Bahkan ketika kakek atau nenek memberi uang pun saya hanya mengangguk dan mengucap: matur nuwun. Tidak pernah mencium punggung tangannya.
Begitu Noly berlari kembali ke teras asrama panti asuhan, saya segera menuju tempat parkir. Rencana dolan ke rumah teman saya urungkan. Saya harus mengingat-ingat saldo tabungan.
Cukup tidak untuk membeli 25 kotak pensil warna? Lupa-lupa ingat saldo masih cukup. Karena itu dari panti asuhan saya langsung ke toko buku dan alat-alat tulis. Hari itu juga saya beli 25 kotak pensil warna.

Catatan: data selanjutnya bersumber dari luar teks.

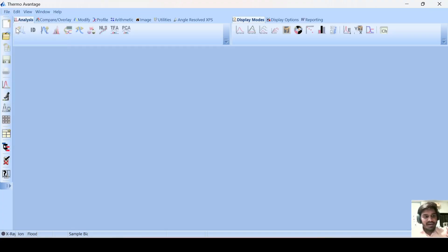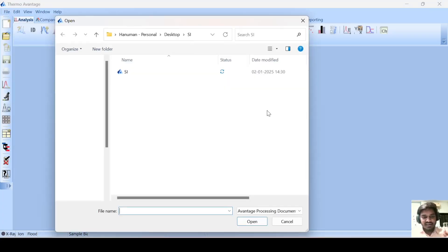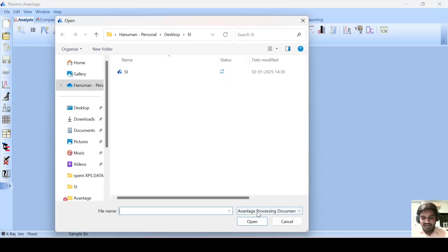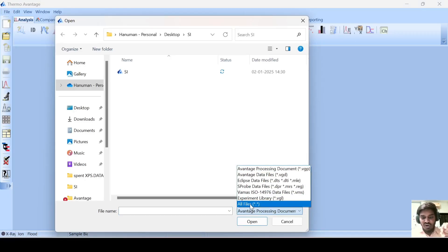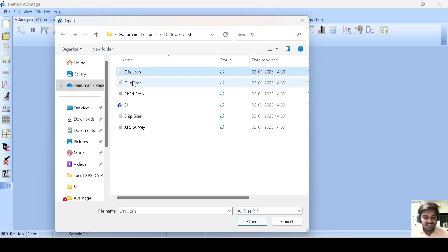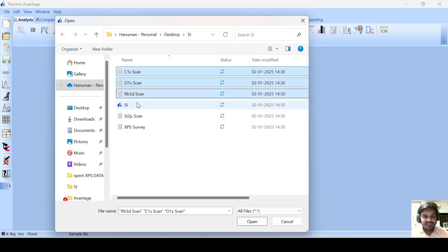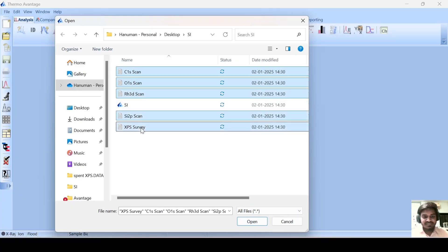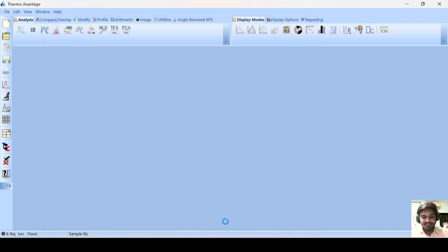First of all, open our data files. Here these files are not showing. You have to do all files here then open. Then click on these files, press Control and then click on these particular files and then open.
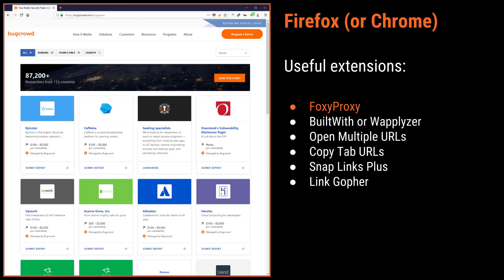Another tool we'll need is a browser — you can use Firefox or Chrome for Bug Crowd University. There are some useful extensions: a proxy switching extension like FoxyProxy lets you quickly toggle your browser pointing to your interception proxy. Other useful extensions include BuiltWith and Wappalizer, which fingerprint the server stack of the application you're testing; Open Multiple URLs, which opens a list of URLs as tabs; Copy Tab URLs; Snap Links Plus, which opens all hyperlinks on a page as new tabs; and LinkGopher, which parses all URLs on the page into a list.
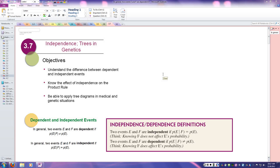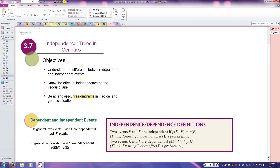Today's lecture is over Section 3.7 — independency and trees in genetics. We're going to use tree diagrams quite a bit in this section. In the past, tree diagrams have been useful, but now we're really going to see how they're beneficial for the effects of independency and the product rule on finding probabilities of multiple things happening.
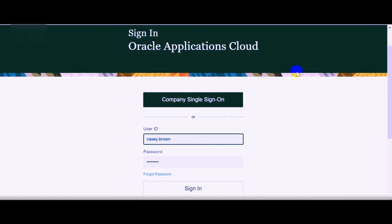Hello everyone. In this video we are going to demonstrate how to enable company single sign-on in Oracle Fusion applications.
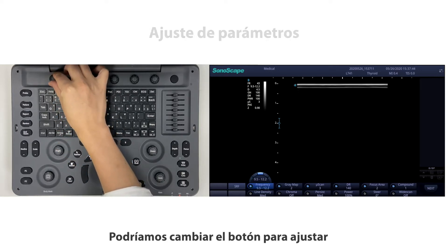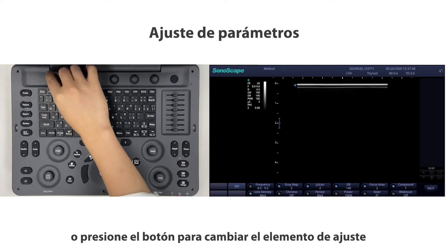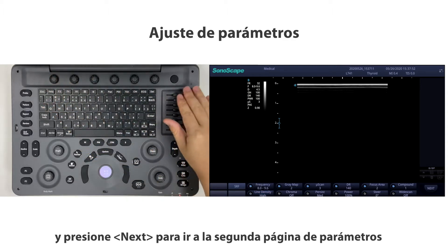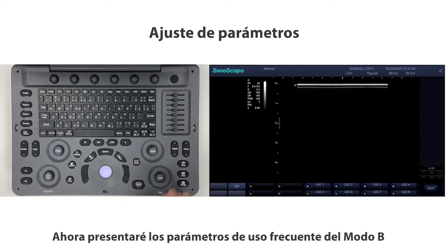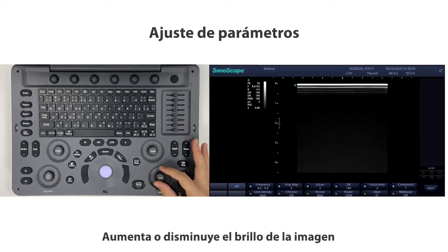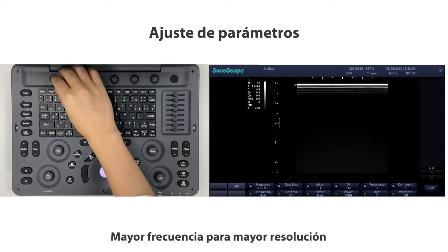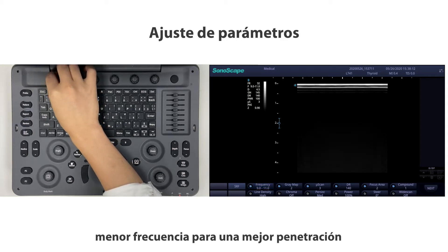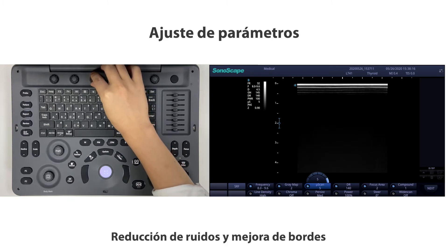You can switch the button to adjust parameters, or press the button to change the adjustment item, and press Next to go to the second page of parameters. Frequently used B-Mode parameters include gain, which increases or decreases brightness; frequency, where higher frequency gives higher resolution and lower frequency gives better penetration; and Muse Scan for speckle reduction and edge enhancement.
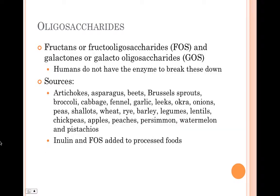Lastly, inulin and fructooligosaccharides are prebiotics that fall into this category as well. They are commonly added to processed foods and would be listed under the ingredients list on a food label.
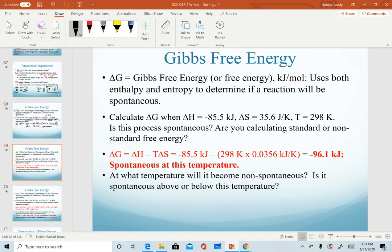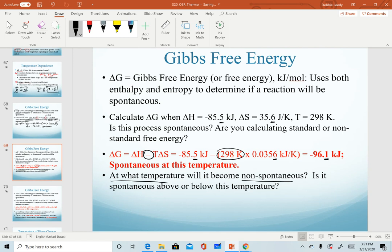That gives us our answer. A quick note on significant figures: focus on the subtraction step, using the one decimal place from enthalpy and entropy to determine the one decimal place in the delta G value. The follow-up calculation asks: at what temperature will this reaction become non-spontaneous? It was spontaneous at 298 Kelvin, and now we want to know at what temperature it will become non-spontaneous.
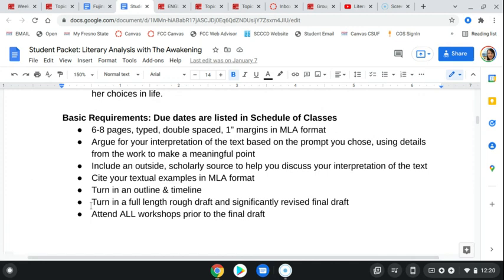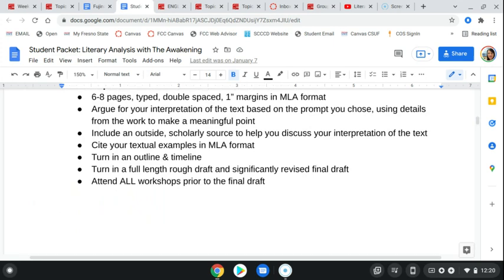For this essay, your draft is a full-length rough draft. That means your rough draft needs to be six full pages, not counting your works cited page. Make sure you participate in those workshops to continue revising your writing.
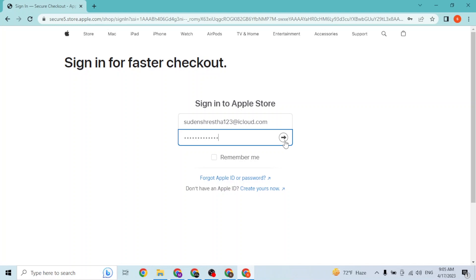That is how you log into your Apple account online on your computer. If you have any confusions or questions regarding this topic, feel free to comment in the comment section below.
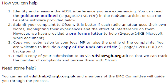The first thing you need to do is identify and measure the VDSL interference you're experiencing — you can follow the guide shown in this video and save that information. Next, submit your complaint to Ofcom. It's better if each radio amateur uses their own words highlighting their experiences and the effect of the interference on them. They have provided a pro forma letter as a guide on how to word things. You can also copy your submission to your local MP to raise the profile of your complaint, and they've provided a PDF of the RadCom article from the latest edition.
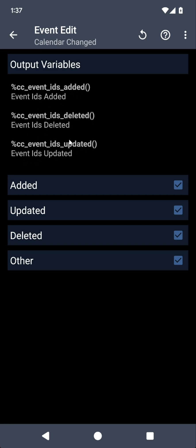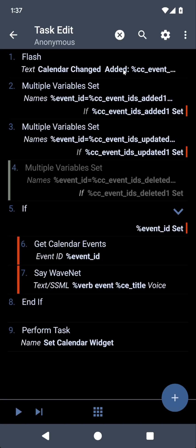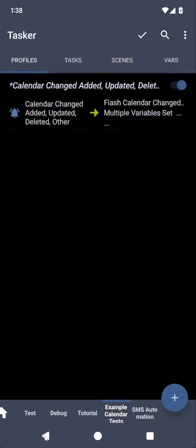these variables will be updated with the values of the event IDs that were added, deleted, or updated. In this example, I'm simply flashing the values that were changed, and then if the event was added or updated, I will say it out loud — the title of the event that was updated — and then update my widget on my home screen.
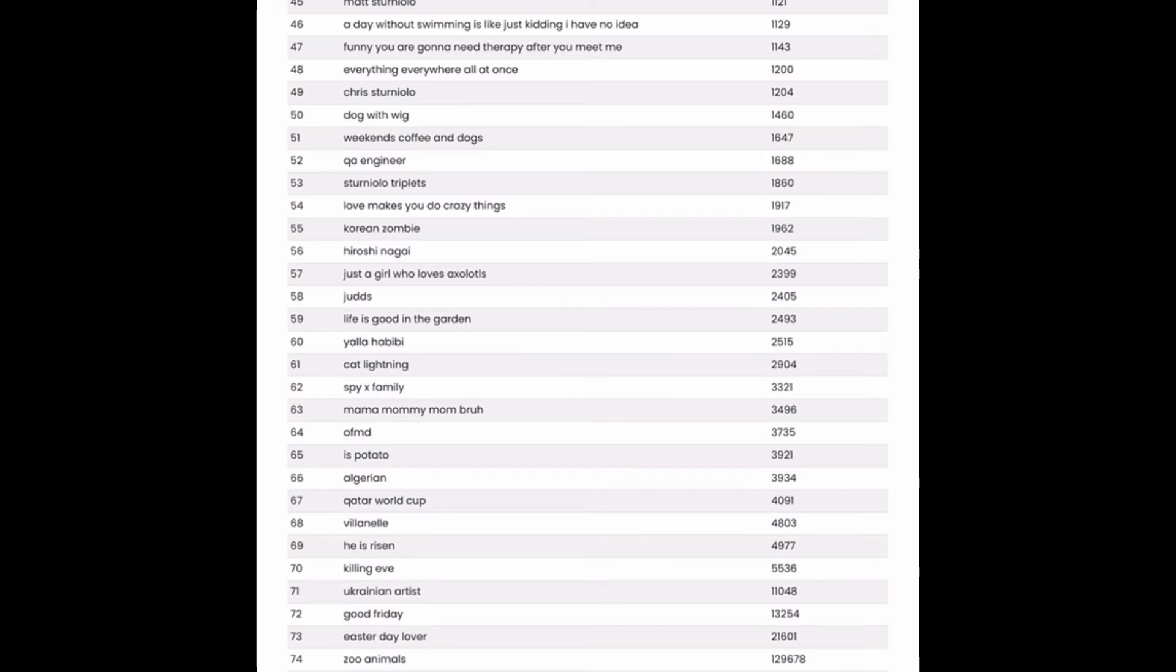So if you do decide to make designs around these specific niches or keywords, you can certainly include the tags like easter day lover. However, I would definitely include a good number of other tags that do not have as many competitive results in order to increase your chances of making a sale with that design.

Dua hari kemudian barang itu saya kirim ke panti asuhan lewat jasa pengiriman.
“Tolong untuk Noly diberikan lebih dulu ya Suster,” kata saya lewat telepon kepada Suster Maria.
“Memangnya kenapa?” tanya pengasuh panti asuhan itu.
“Dia ingin segera menggambar pohon cemara. Mungkin karena situasinya mendekati Natal. Jadi siapa tahu dia ingin menggambar pohon cemara Natal.”